Maybe that Microsoft's core operating system is in more trouble than most people realize. At least that's the conclusion of Gartner Group analysts. They made a devastating presentation on why Windows is messed up.
With that hovering around Microsoft, the company is trying to buy Yahoo, forcing an apparent Yahoo board meeting today to discuss the merger -- and other options that so far seem more smoke than fire.
Great, fast-growing companies certainly make acquisitions, but they generally buy smaller companies that get absorbed into the bigger entity and add a key business or technology. Think about IBM, Wal-mart, General Electric, Toyota -- even Google, Cisco, Apple and, until recently, Microsoft. They've bought companies, but not companies big enough to disrupt their corporate cultures.

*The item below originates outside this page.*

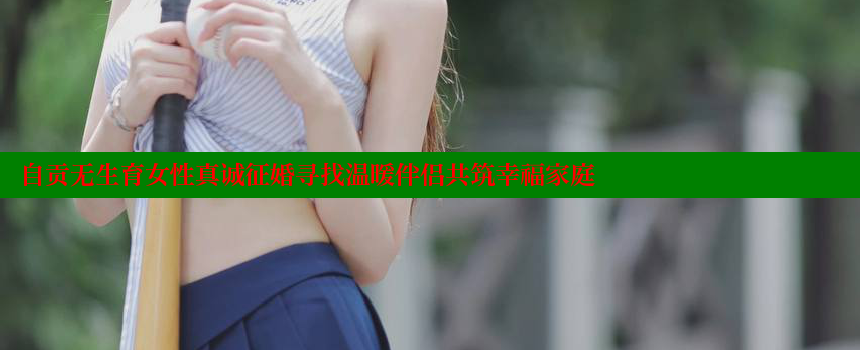 自贡无生育女性真诚征婚寻找温暖伴侣共筑幸福家庭 糖心vlog网页版 第1张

Almost anytime you see a mega-merger in exactly the same industry, it's because that industry has become so mature and is so starved for growth, the only way to go forward is to buy a competitor. Think AT&T buying BellSouth (both sitting on declining traditional telephone infrastructure), or Delta buying Northwest.
If you see a mega-merger that reaches for a different kind of business, it's typically because the aggressor company sees trouble in its core business and wants a new direction for growth. That would be -- even though it didn't seem that way at the time -- AOL buying Time Warner. It would be Sony buying Columbia Pictures in 1989.
Few mega-mergers really work out well. In technology, even fewer seem to be anything but busts.
So whatever you think of a Microsoft-Yahoo combination, the odds it will be a long-term winner look pretty slim.